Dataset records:
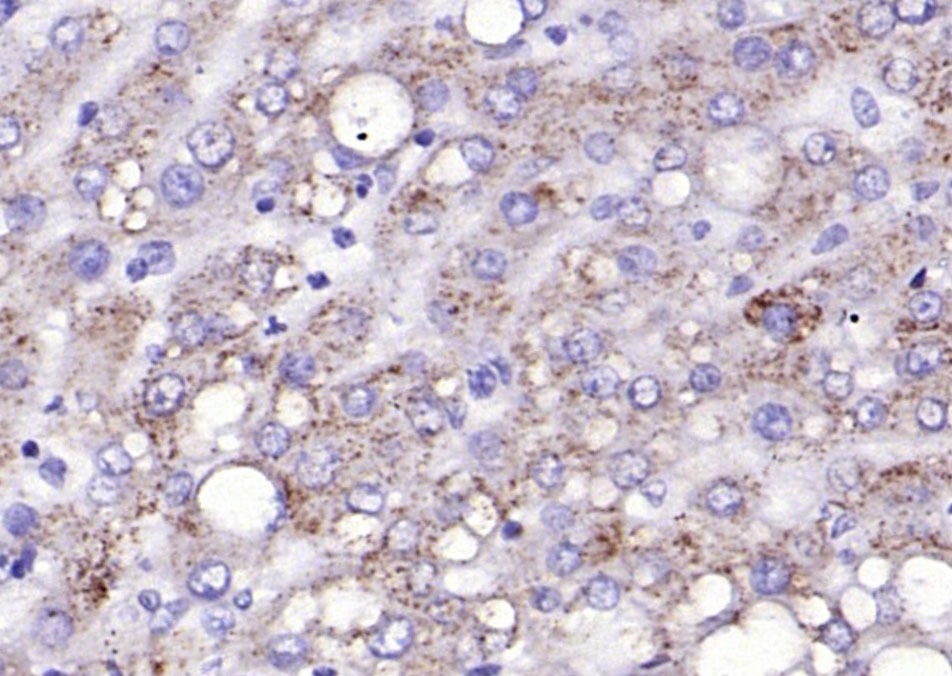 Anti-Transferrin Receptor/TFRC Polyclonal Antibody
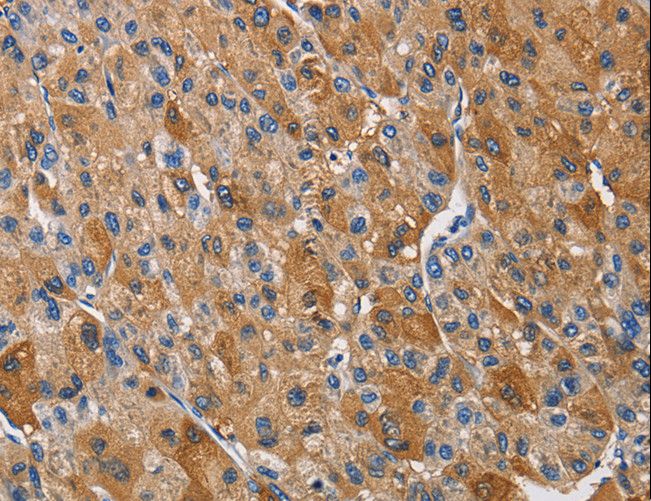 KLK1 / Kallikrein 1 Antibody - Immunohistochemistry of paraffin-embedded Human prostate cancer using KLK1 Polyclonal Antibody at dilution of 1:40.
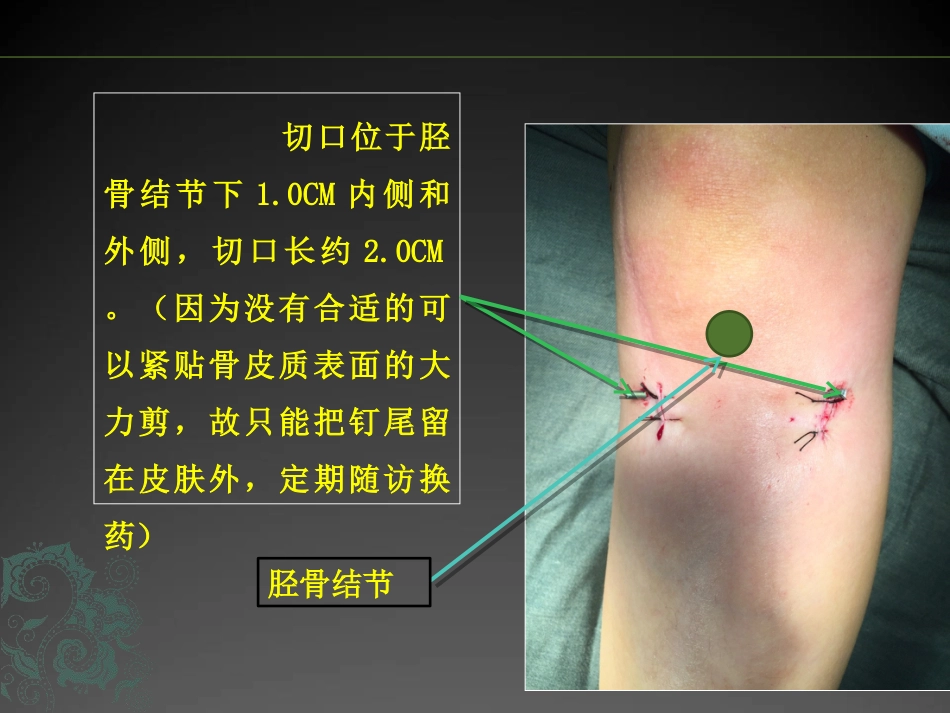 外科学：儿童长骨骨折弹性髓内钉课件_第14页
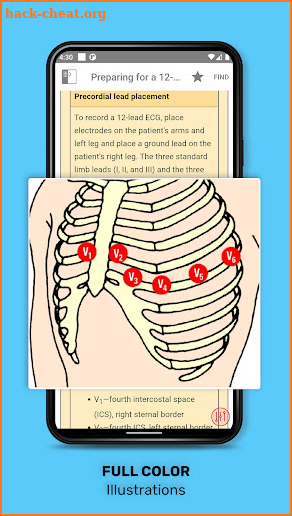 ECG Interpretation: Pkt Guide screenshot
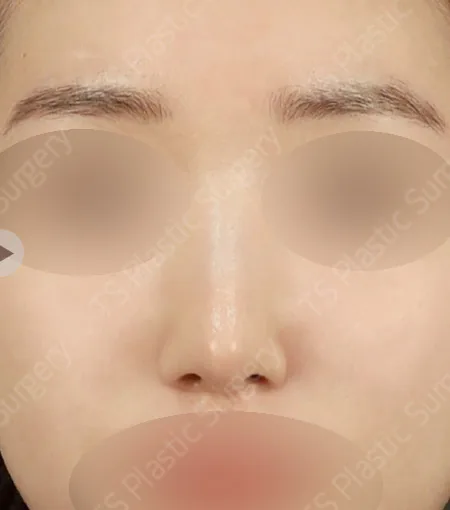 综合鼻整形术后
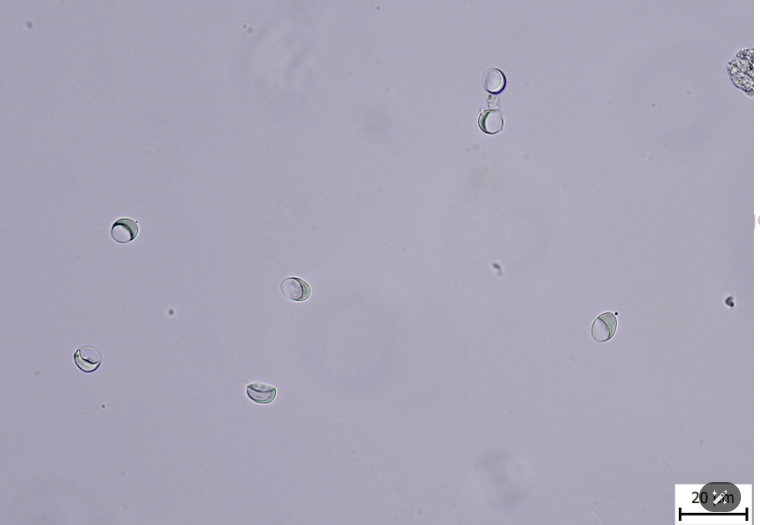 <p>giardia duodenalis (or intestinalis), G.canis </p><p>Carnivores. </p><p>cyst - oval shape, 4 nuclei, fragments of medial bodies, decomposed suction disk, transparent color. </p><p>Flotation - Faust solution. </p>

---

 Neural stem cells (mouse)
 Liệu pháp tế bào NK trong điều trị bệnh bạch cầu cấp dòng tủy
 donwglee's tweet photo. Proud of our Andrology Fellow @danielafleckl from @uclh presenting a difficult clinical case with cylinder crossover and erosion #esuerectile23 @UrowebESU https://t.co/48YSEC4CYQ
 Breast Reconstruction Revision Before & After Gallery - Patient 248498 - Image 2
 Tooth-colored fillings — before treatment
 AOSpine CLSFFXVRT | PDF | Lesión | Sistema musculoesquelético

**EXERCISE OBJECTIVE:**
Please return the data above exactly as it stands from the line with "Anti-Transferrin Receptor/TFRC Polyclonal" to the line with "<p>giardia duodenalis (or", keeping both of those lines but none of the pictures.

**RESPONSE BELOW:**
 Anti-Transferrin Receptor/TFRC Polyclonal Antibody
 KLK1 / Kallikrein 1 Antibody - Immunohistochemistry of paraffin-embedded Human prostate cancer using KLK1 Polyclonal Antibody at dilution of 1:40.
 外科学：儿童长骨骨折弹性髓内钉课件_第14页
 ECG Interpretation: Pkt Guide screenshot
 综合鼻整形术后
 <p>giardia duodenalis (or intestinalis), G.canis </p><p>Carnivores. </p><p>cyst - oval shape, 4 nuclei, fragments of medial bodies, decomposed suction disk, transparent color. </p><p>Flotation - Faust solution. </p>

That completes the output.